Thanks for sharing your final recipe!

About manual CPs, you probably already do them well, but a good tip is to
put them away from each other not letting any big part of the joining parts
without any. As I said, I sometimes do only 3 between each pair and they
are put one at the top, one at the middle and the last at the bottom of the
image, whenever this is possible.

Cheers,

Carlos E G Carvalho (Cartola)
http://cartola.org/360



2012/1/30 torger <[email protected]>

> I appriciate the helpfullness, but unfortunately I cannot share the
> images since the originals are not mine.
>
> However, I worked this evening with this on a few images and tested
> several methods and have great help of your input. I get good results
> now (often subpixel fits), and consistent enough.
>
> The interesting fact is that setting a 1 - 2 degrees FOV is required
> for the best results.

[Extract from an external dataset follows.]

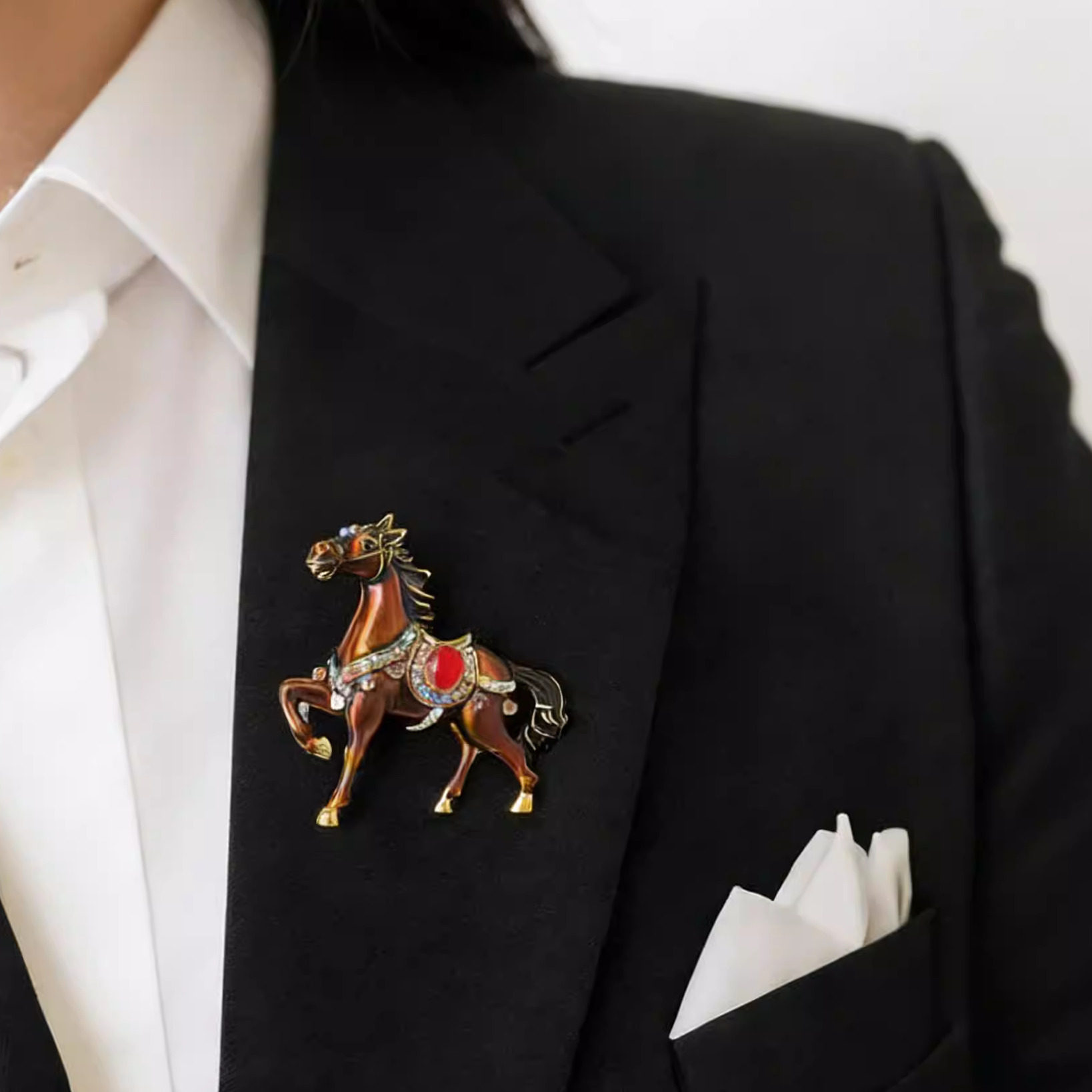 镶钻设计生肖马滴釉胸针气质高级奢华时髦别针时尚配西装大衣胸花
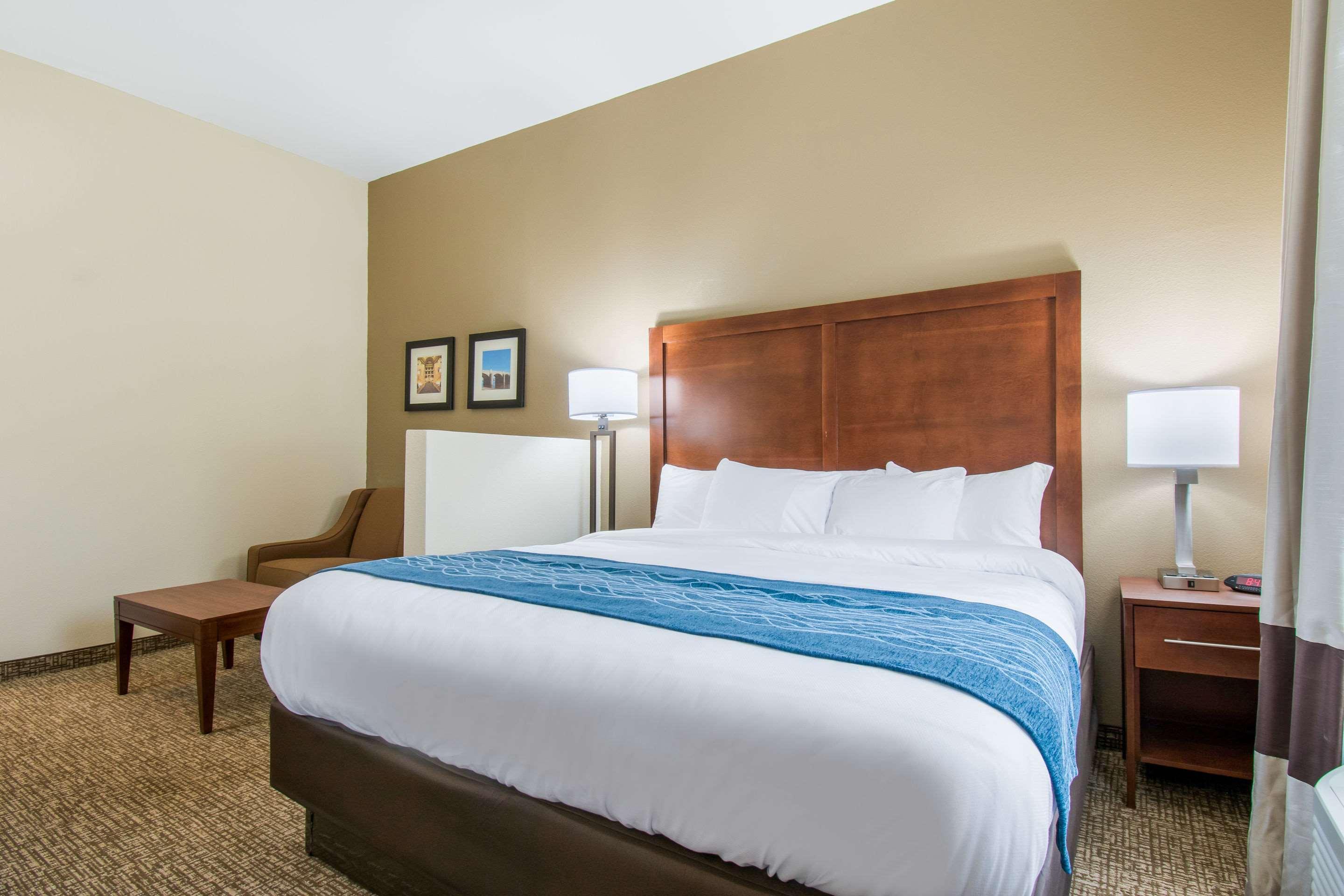 Comfort Inn & Suites Harrisburg - Hershey West Екстер'єр фото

I've tried to let Hugin optimize it by itself
> but it rarely goes down to those low values, even when starting with
> the calculated 5.42 degrees. The fit often gets kind of ok with that
> 5.42 starting point, but not as good as it can get. I suspect that
> this is a special case occuring for this type of repro setup when
> there are just minor but still some yaw/pitch errors. Almost perfect
> perpendicular, but not 100% as a flatbed scanner, and not as large as
> hand held mosaics of walls. Seems to fall outside normal optimization
> space.
>
> I've also tested auto control points, and it works kind of ok, but
> there's always some outliers so I think I continue do them manually,
> having relatively few points and well-defined places gives me a better
> overview of stitching result I think, but I guess it is a matter of
> taste.
>
> I normally don't pre-correct lens distortion, since Hugin indeed does
> better fitting result if it can correct barrel etc itself, but in this
> special case the optimizer easily goes haywire so having close to
> perfect rectilinear input seems to work better. I've also tried to pre-
> correct roll, but it is not really worth it, that correction works
> well.
>
> This is the hugin workflow that gives me consistent results so far for
> this application:
>
> * Create new project
> * Open the 16 bit tiff images (usually four)
> * Don't use the field of view from EXIF, instead pre-set to 1 degree.
> * Make control points to connect all images
> * Make horizontal (and possibly also vertical) guides on all images
>  * You should have included film edge on all your frames and that is
>    what you use as guide
> * Now the exciting part - the optimizer tab
>  * First correct X and Y for all but one
>  * Then add roll to all and optimize again
>      * Theoretically this would yield perfect result already here,
> but as
>        said the repro setup is rarely that perfect
>  * Then add Z for all but one and yaw and pitch for all, and
> optimize
>    again
>  * Then open up GL preview, goto move/drag and select drag
>    mode "mosaic", and then drag the image into the center of the
> view,
>    close and optimize again
>       * Typically the optimizer has put the image far from center,
> and
>         moving it back into the middle again and reoptimizing can
> give
>         better result.
>   * You can try to add lens view as a final parameter but that
> usually
>     does not improve things.
> * Open up GL preview
>   * Choose rectilinear projection
>   * Mosaic-drag so the center is in the center of the image
>   * Fit/autocrop the view
> * Stitch to 16 bit tiff output, for further processing in your
>  favourite raw converter or photo editor
>
> On Jan 30, 7:08 pm, "Carlos Eduardo G. Carvalho (Cartola)"
> <[email protected]> wrote:
> > Well, I did mosaic maybe only a couple of times, but I didn't remember
> > having difficulties. I wouldn't do lens correction before hugin and I
> > wouldn't think of doing so much precise controls. Maybe with macro they
> are
> > more important, but I really don't know. Manual CP are surely not a
> > problem, just make sure you use at least 3 between each pair. Many times
> I
> > use only 3 (but to do spheric panoramas). Can't you give us an example
> > image set? Could be reduced size jpg preferably without any previous
> > processing, like that lens correction you mentioned.
> >
> > Is FoV so much important? Many times I just put a reasonable value and
> let
> > the optimizer correct this. More important is to guarantee that it won't
> > think it is a 360ยบ panorama, so I would think any kick to guarantee that
> > the total FoV is not going to get to 360 would be a good start, but
> again,
> > "guessing" here looks to me like a little loose of time if compared to
> see
> > your images to address the real problem.
> >
> > Cheers,
> >
> > Carlos E G Carvalho (Cartola)http://cartola.org/360
> >
> > 2012/1/30 torger <[email protected]>
> >
> >
> >
> >
> >
> >
> >
> > > Sorry for spamming... just came to think about FoV. Macro lenses are a
> > > bit special, fov doesn't match focal length at near limit. My 150mm
> > > macro lens from the focal length says "13.69 degrees fov". But at 1:1
> > > distance is 380mm so the fov would then be 2 * arctan(36/2 / 380) =
> > > 5.42 degrees, that is about the same as a 380mm lens. Anyway, I'll do
> > > some more experiments and report about the results.